For model training, a custom dataset class was implemented to transform raw GeoTIFFs into model-ready tensors through a pre-processing pipeline. The class reclassifies NaNs as $-1.0$ (representing dry land) and clips spectral values to a $[-1.0, 1.0]$ range before zero-padding all inputs to a uniform 500x500 spatial tensor. Furthermore, the dataset supports dual label-scaling modes to facilitate different optimization strategies: a logarithmic $\log(V + 1)$ transformation for Log-MSE experiments and a linear $1/300$ scaling factor to normalize volumes for MAPE training. This architecture ensures spatial consistency and numerical stability across the entire multi-reservoir ensemble.

Finally, we matched each GeoTIFF with it's correspondent true water volume from the ACA dataset.

Please refer to the notebooks get_sentinel-2.ipynb and get_labels.ipynb for the source code regarding the downloading/processing of Sentinel-2 data and the matching of ground-truth labels, respectively.
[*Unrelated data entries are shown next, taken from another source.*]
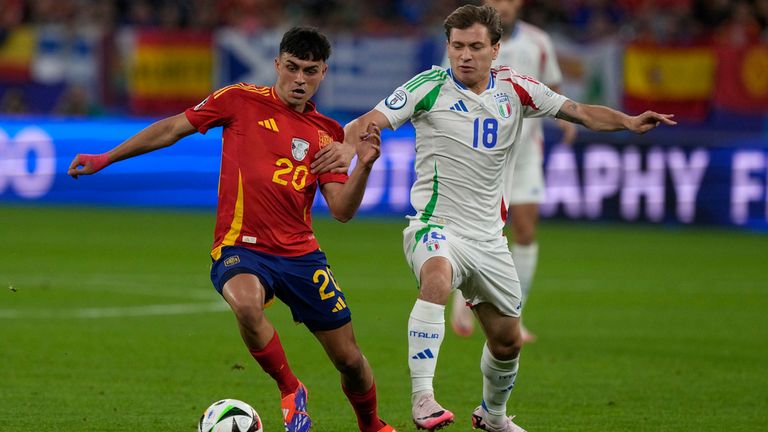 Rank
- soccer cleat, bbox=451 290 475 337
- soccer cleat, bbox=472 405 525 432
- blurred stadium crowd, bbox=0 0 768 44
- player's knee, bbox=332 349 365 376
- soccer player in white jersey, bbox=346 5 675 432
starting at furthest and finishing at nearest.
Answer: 1. blurred stadium crowd, bbox=0 0 768 44
2. soccer cleat, bbox=451 290 475 337
3. soccer cleat, bbox=472 405 525 432
4. soccer player in white jersey, bbox=346 5 675 432
5. player's knee, bbox=332 349 365 376

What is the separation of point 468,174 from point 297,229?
970 mm

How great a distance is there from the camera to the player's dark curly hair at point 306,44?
22.9 feet

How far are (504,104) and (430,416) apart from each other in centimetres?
→ 182

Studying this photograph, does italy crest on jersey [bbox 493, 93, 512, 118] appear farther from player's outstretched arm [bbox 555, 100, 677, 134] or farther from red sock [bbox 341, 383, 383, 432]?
red sock [bbox 341, 383, 383, 432]

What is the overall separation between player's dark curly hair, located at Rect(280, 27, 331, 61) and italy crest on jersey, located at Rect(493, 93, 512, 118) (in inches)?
37.1

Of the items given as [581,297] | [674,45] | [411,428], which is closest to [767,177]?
[674,45]

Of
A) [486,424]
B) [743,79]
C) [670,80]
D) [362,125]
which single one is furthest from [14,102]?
[362,125]

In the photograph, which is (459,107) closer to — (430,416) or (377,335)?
(430,416)

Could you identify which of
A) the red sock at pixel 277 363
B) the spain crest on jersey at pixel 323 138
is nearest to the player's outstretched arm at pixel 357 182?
the spain crest on jersey at pixel 323 138

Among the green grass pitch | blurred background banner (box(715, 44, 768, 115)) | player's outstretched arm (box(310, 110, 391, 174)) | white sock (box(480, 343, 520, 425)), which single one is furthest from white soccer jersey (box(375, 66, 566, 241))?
blurred background banner (box(715, 44, 768, 115))

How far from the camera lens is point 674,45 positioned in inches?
899

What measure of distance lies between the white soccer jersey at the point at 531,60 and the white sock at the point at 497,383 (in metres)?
4.08

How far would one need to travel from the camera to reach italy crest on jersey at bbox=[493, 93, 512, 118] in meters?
7.32

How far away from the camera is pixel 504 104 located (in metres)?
→ 7.34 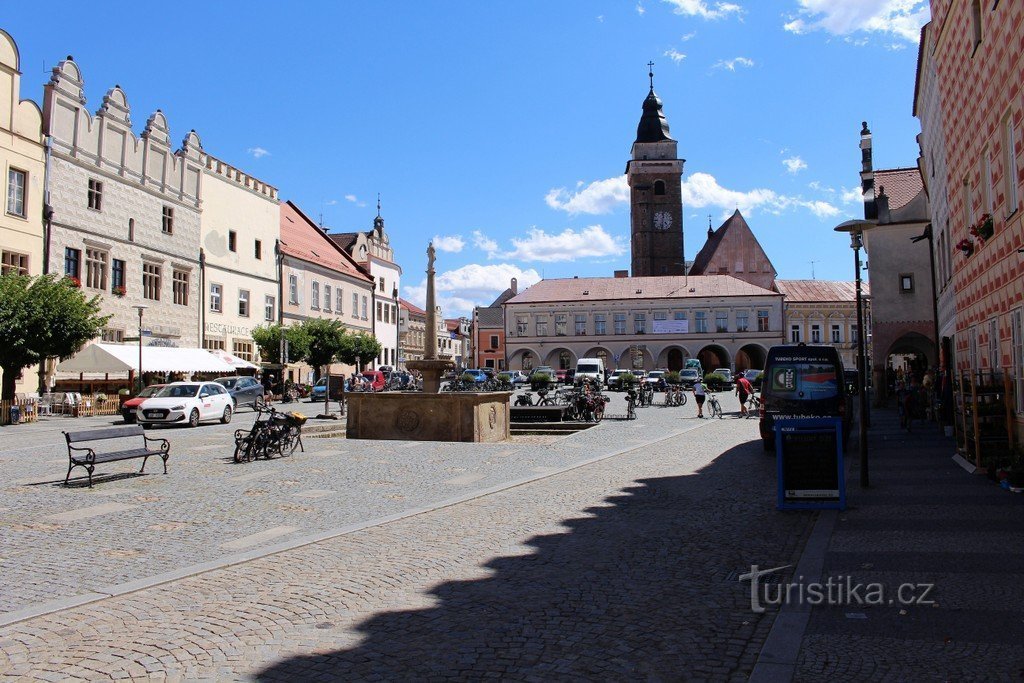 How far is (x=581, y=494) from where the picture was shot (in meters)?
11.9

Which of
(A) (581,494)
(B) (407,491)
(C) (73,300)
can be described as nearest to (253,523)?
(B) (407,491)

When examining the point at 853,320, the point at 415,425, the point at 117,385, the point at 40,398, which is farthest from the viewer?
the point at 853,320

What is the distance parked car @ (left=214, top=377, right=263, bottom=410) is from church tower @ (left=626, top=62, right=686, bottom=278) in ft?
249

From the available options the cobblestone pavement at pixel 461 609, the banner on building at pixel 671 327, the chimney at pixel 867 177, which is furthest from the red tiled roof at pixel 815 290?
the cobblestone pavement at pixel 461 609

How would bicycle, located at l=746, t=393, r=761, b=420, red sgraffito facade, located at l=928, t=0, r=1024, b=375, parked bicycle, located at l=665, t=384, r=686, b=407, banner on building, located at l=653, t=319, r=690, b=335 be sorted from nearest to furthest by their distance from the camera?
red sgraffito facade, located at l=928, t=0, r=1024, b=375
bicycle, located at l=746, t=393, r=761, b=420
parked bicycle, located at l=665, t=384, r=686, b=407
banner on building, located at l=653, t=319, r=690, b=335

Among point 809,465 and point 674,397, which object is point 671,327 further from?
point 809,465

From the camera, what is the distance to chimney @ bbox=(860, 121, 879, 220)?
37.9 m

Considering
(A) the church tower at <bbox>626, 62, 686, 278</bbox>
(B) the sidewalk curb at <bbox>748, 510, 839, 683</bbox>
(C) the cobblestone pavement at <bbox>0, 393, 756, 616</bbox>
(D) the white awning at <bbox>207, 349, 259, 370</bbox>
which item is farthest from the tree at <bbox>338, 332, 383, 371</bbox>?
(A) the church tower at <bbox>626, 62, 686, 278</bbox>

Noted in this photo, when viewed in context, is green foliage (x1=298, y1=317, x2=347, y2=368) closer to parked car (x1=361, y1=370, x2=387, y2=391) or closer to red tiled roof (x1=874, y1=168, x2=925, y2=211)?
parked car (x1=361, y1=370, x2=387, y2=391)

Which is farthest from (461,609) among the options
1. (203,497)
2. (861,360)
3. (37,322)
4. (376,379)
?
(376,379)

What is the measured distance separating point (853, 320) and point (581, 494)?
290 feet

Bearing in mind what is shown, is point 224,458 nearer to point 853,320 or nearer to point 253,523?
point 253,523

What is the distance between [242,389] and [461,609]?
103ft

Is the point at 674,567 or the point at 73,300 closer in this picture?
the point at 674,567
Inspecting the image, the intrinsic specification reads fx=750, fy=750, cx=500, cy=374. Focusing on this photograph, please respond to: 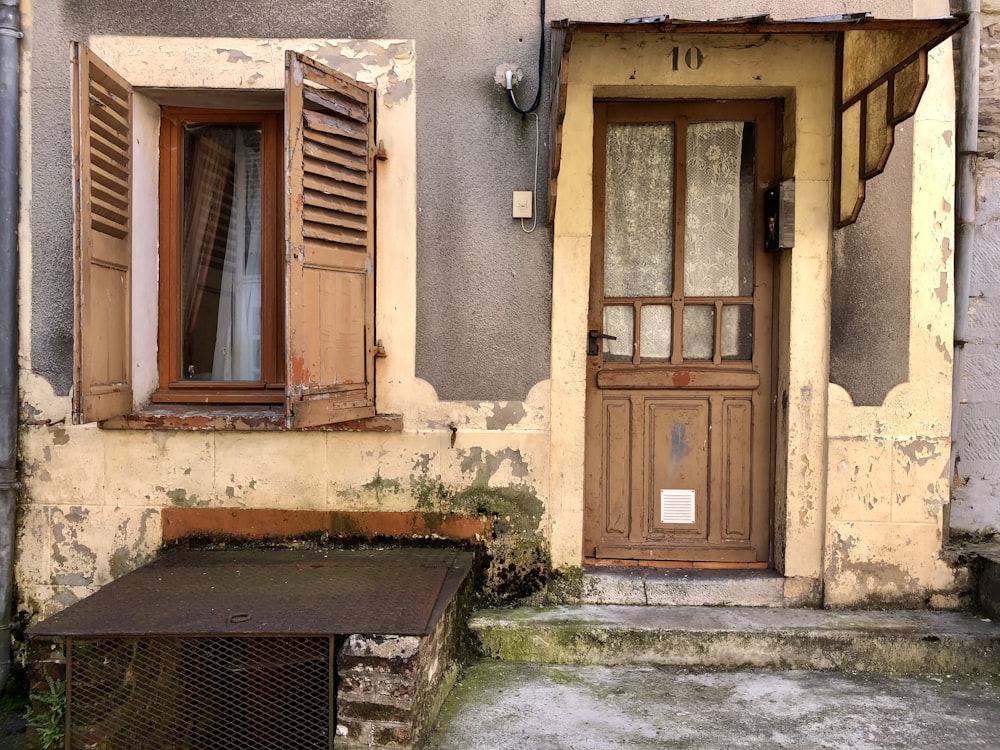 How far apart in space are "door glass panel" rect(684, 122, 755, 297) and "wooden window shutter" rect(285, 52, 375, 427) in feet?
5.84

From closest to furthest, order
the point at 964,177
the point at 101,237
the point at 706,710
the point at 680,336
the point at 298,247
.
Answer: the point at 706,710
the point at 298,247
the point at 101,237
the point at 964,177
the point at 680,336

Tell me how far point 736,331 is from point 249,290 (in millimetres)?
2780

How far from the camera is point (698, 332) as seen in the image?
4238mm

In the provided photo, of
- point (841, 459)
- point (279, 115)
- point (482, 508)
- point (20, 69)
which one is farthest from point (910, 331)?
point (20, 69)

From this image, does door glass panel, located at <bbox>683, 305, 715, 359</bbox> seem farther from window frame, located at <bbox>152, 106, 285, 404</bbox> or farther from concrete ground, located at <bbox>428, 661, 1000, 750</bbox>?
window frame, located at <bbox>152, 106, 285, 404</bbox>

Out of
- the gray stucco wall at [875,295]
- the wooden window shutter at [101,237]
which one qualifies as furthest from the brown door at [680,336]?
the wooden window shutter at [101,237]

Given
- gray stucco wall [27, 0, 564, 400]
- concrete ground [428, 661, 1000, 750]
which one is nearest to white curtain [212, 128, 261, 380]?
gray stucco wall [27, 0, 564, 400]

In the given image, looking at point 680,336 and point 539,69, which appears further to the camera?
point 680,336

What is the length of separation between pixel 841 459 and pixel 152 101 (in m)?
4.23

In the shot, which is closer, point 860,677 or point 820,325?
point 860,677

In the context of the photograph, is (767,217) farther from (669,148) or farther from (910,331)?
(910,331)

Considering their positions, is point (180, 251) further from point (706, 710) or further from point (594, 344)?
point (706, 710)

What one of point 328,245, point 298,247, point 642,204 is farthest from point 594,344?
point 298,247

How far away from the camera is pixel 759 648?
3.68m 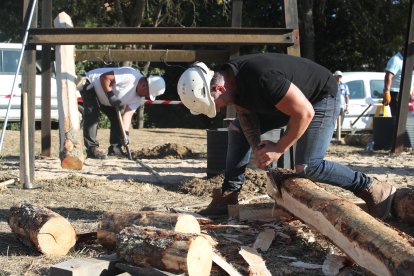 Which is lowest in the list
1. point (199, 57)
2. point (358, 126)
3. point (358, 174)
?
point (358, 126)

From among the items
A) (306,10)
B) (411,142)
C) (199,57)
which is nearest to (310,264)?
(199,57)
For the implementation of the custom dataset, please refer to the notebook cnn_loocv.ipynb.

Methodology

Architecture

To accurately predict reservoir volumes from satellite imagery, the model must be capable of understanding the 2D topographical footprint and morphological features of the water bodies. Standard Multi-Layer Perceptrons (MLPs) inherently flatten spatial inputs, destroying the geometric relationships between neighboring pixels. To overcome this limitation, a custom Convolutional Neural Network (CNN) architecture, denoted as DamCNN, was designed to sequentially extract localized spatial features from the Normalized Difference Water Index (NDWI) matrices before performing continuous regression.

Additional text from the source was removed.